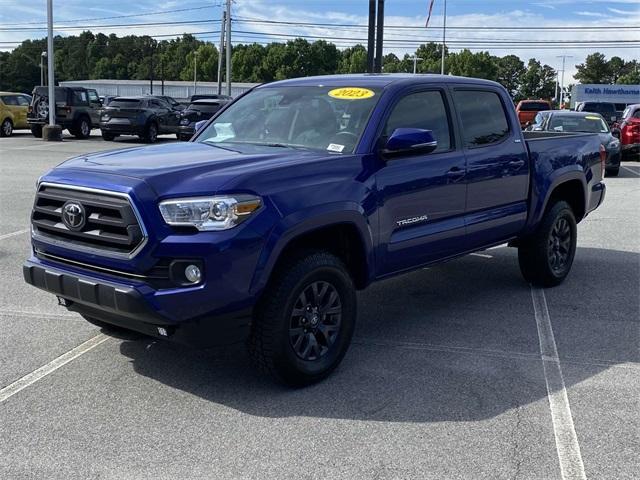 used 2023 Toyota Tacoma car, priced at $38,428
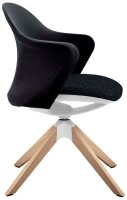 sedus Schalenstuhl se:flair FR-820/112 schwarz Stoff, 1 St.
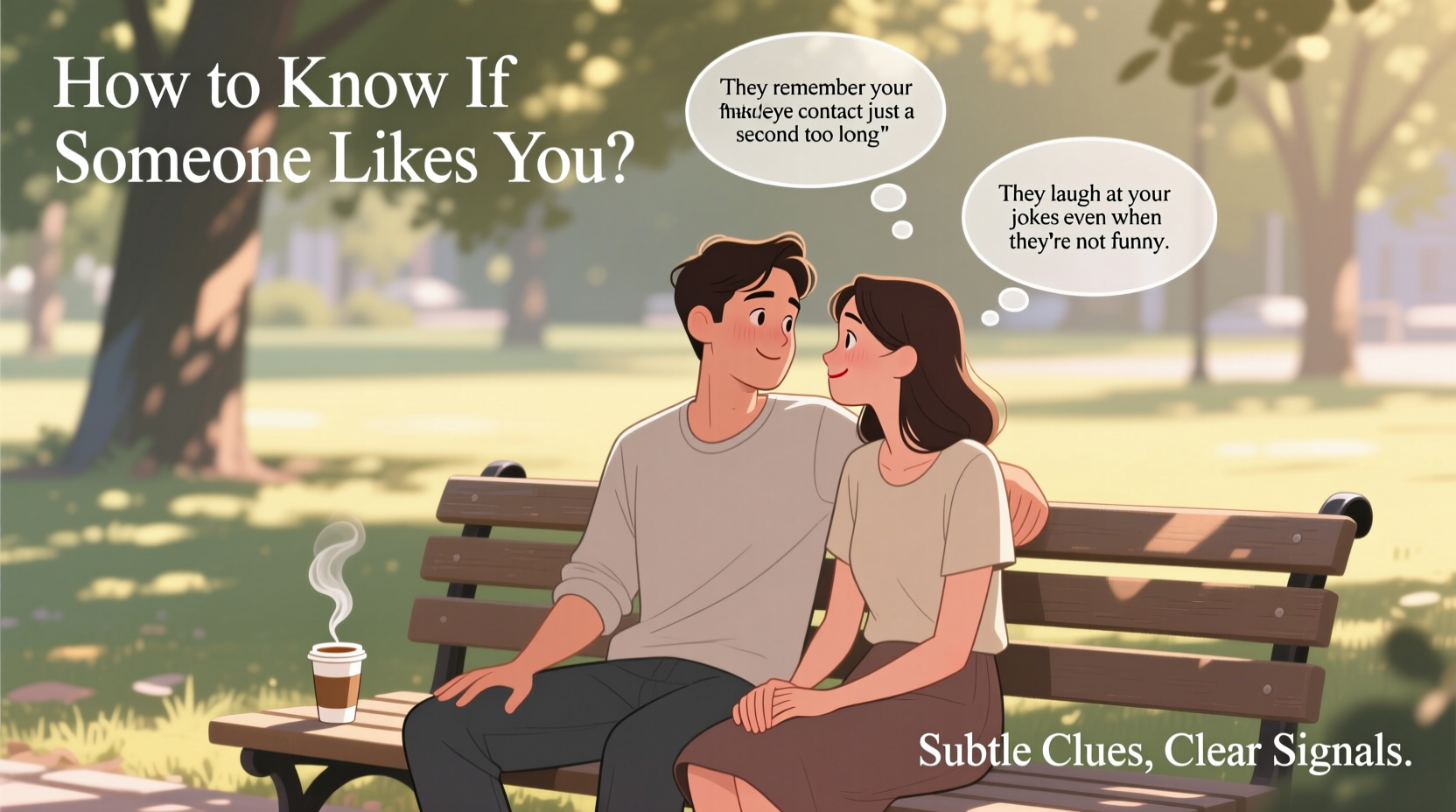 how to confidently know if someone likes you clear signs and subtle clues explained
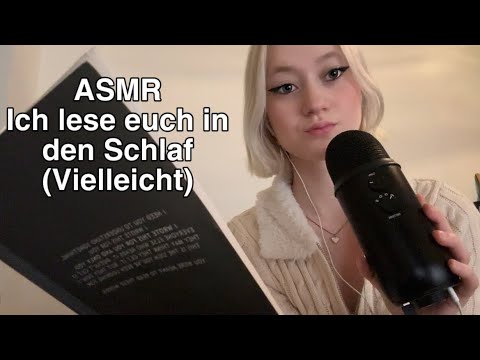 ASMR | Ich les euch in den Schlaf 💞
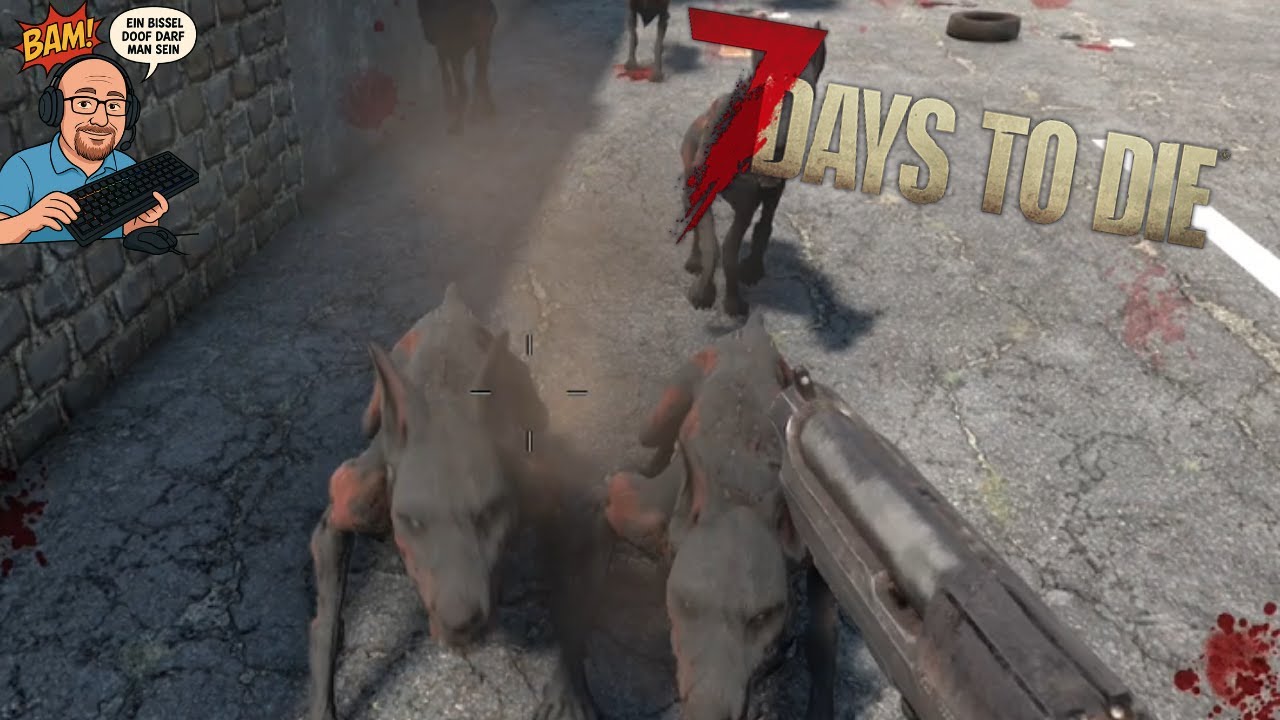 Part 030 Hundestaffel XY ungelöst in #7 Days to DIE V2.5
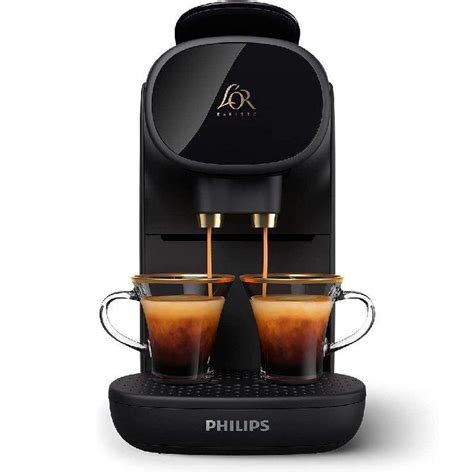 Cafetera De C Psulas Philips L Or Barista Sublime Lm Negra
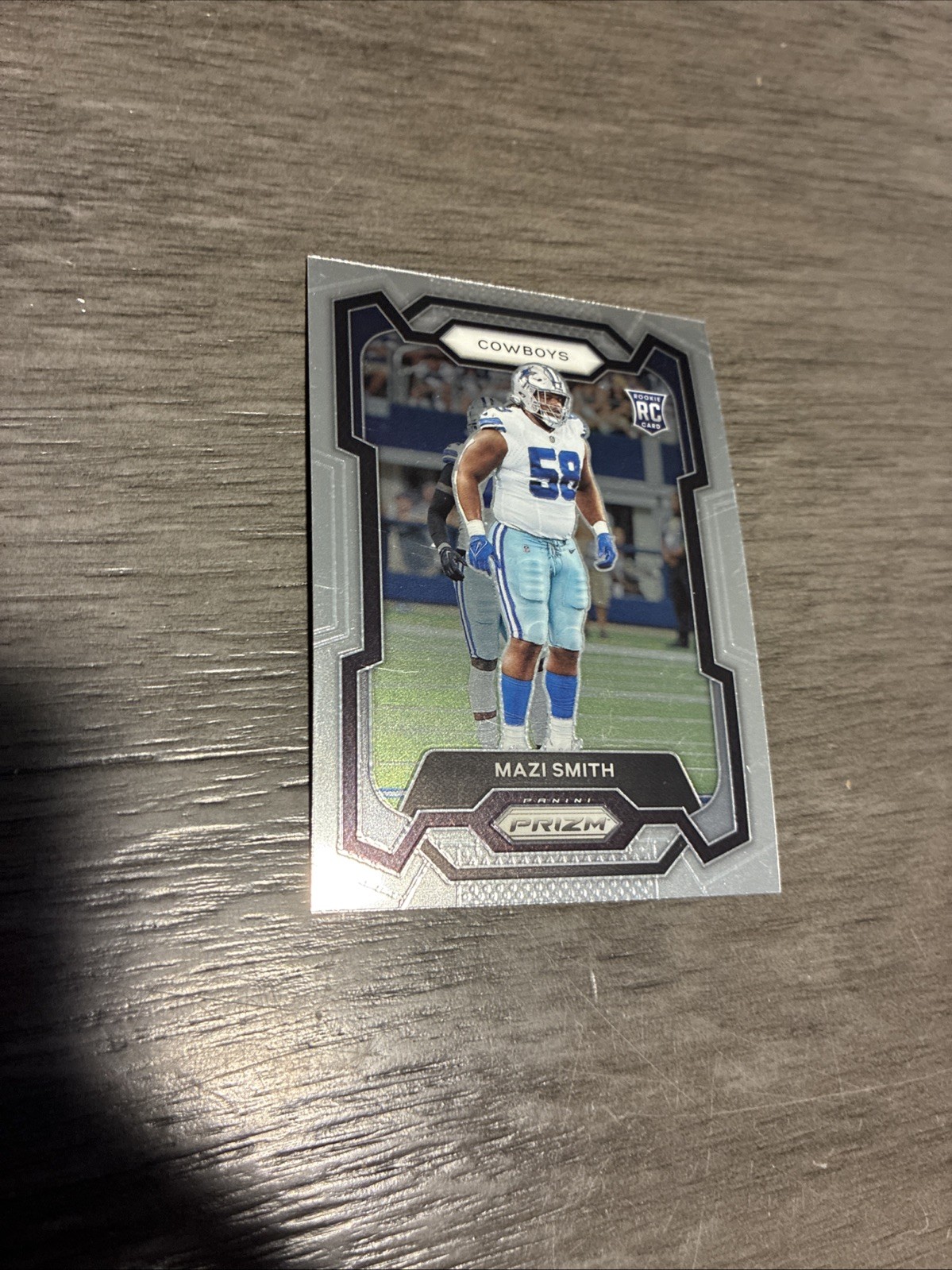 Mazi Smith Panini Prizm #326 Base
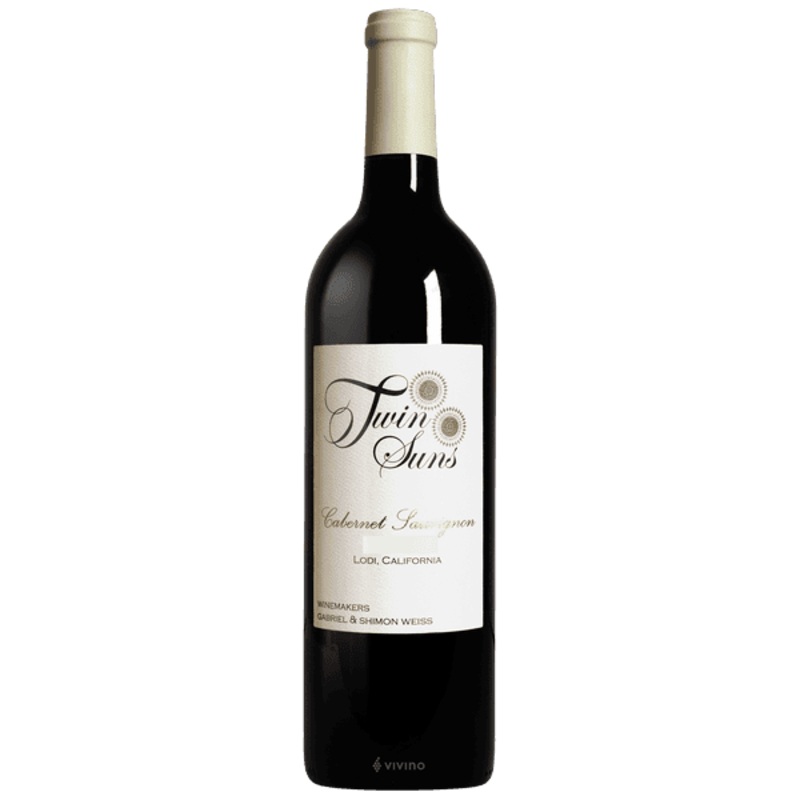 Twin Suns Cabernet Sauvignon - 750ML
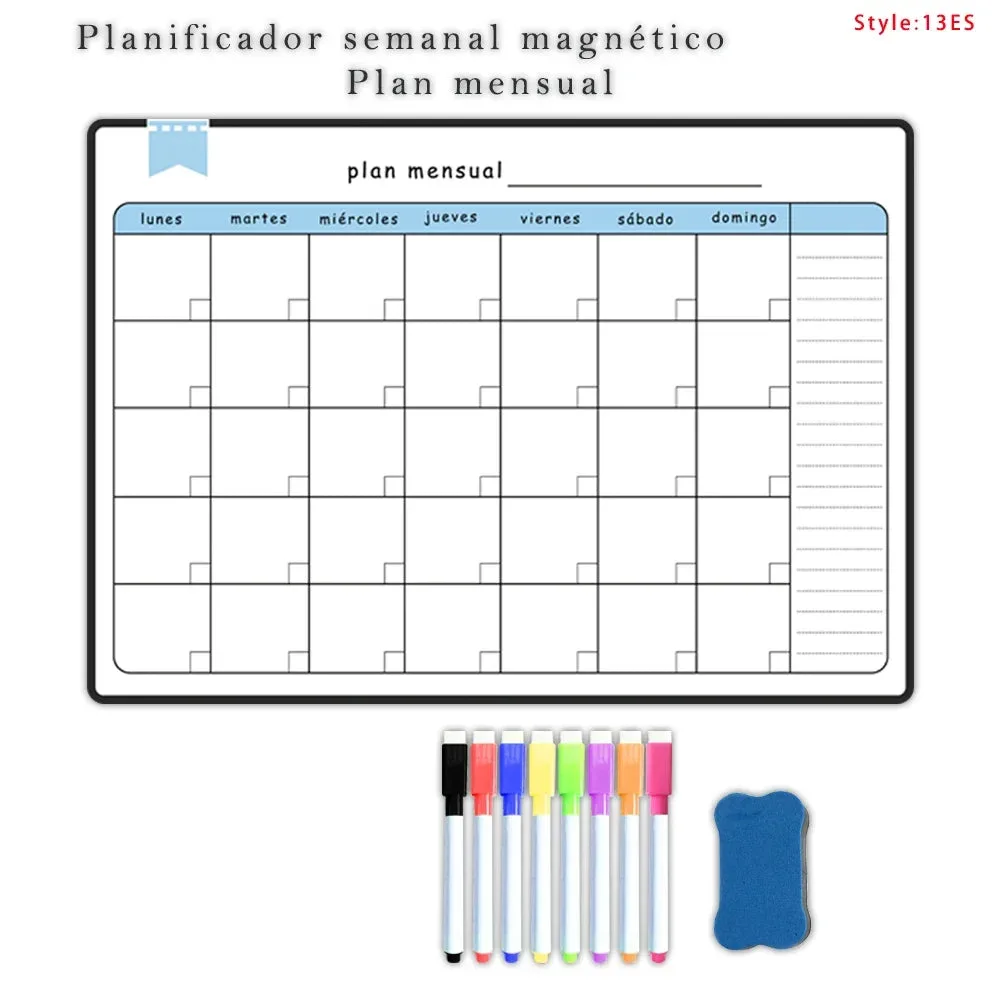Semainier magnétique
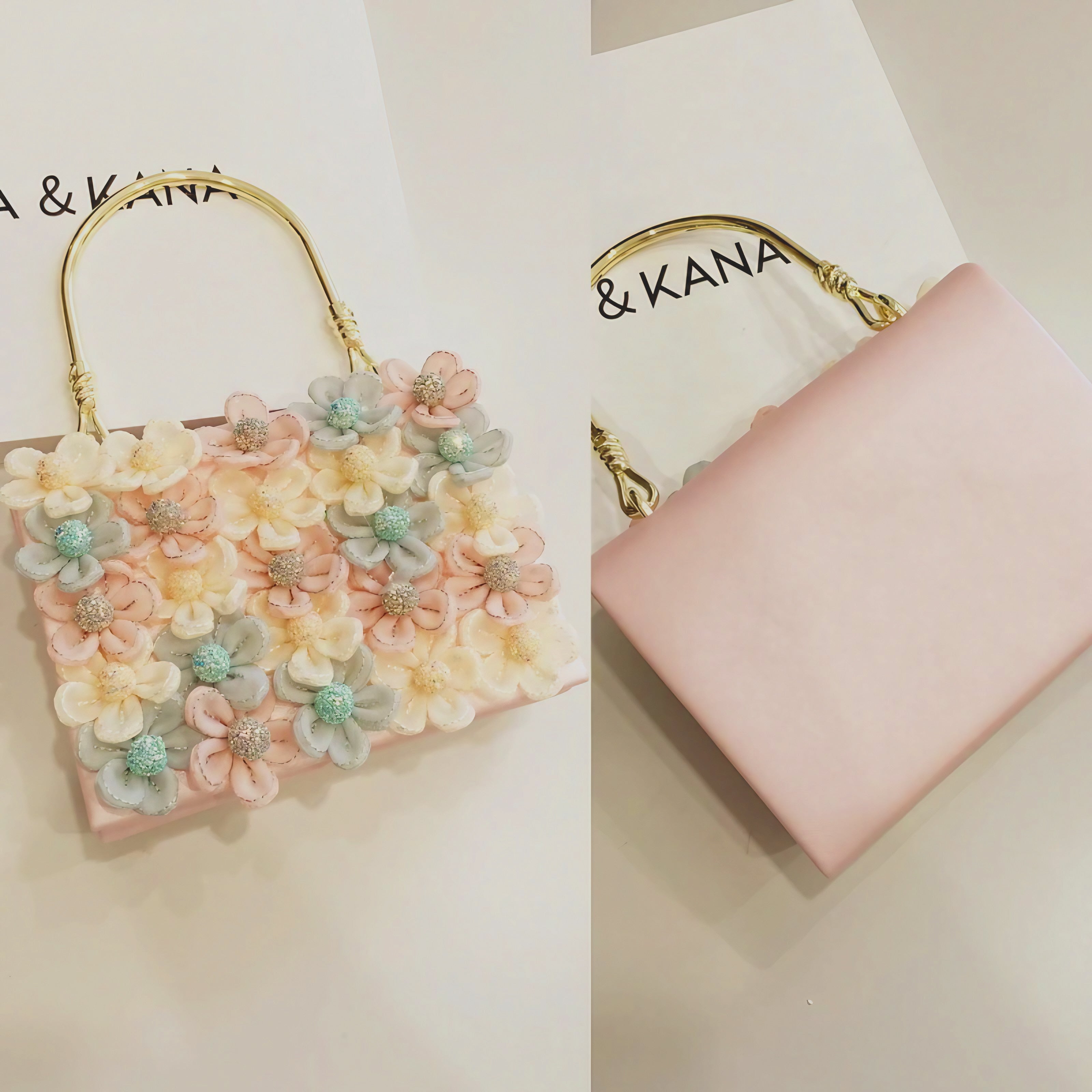 Fairy Bloom Pearl Bag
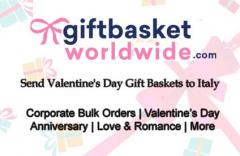 Send Valentines Day Gift Baskets To Italy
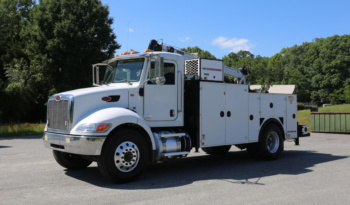 Pending Sale: 2014 Peterbilt 337 Mechanics Truck, 14′ IMT Service Body, 10k 30′ Crane, PX9 Diesel, Eaton 6 Speed, 228k Miles full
──────────
Each line from the first line of the listing through the line with "Send Valentines Day Gift Baskets To Italy" must be printed exactly, both ends included, and no picture may appear.

 used 2023 Toyota Tacoma car, priced at $38,428
 sedus Schalenstuhl se:flair FR-820/112 schwarz Stoff, 1 St.
 how to confidently know if someone likes you clear signs and subtle clues explained
 ASMR | Ich les euch in den Schlaf 💞
 Part 030 Hundestaffel XY ungelöst in #7 Days to DIE V2.5
 Cafetera De C Psulas Philips L Or Barista Sublime Lm Negra
 Mazi Smith Panini Prizm #326 Base
 Twin Suns Cabernet Sauvignon - 750ML
Semainier magnétique
 Fairy Bloom Pearl Bag
 Send Valentines Day Gift Baskets To Italy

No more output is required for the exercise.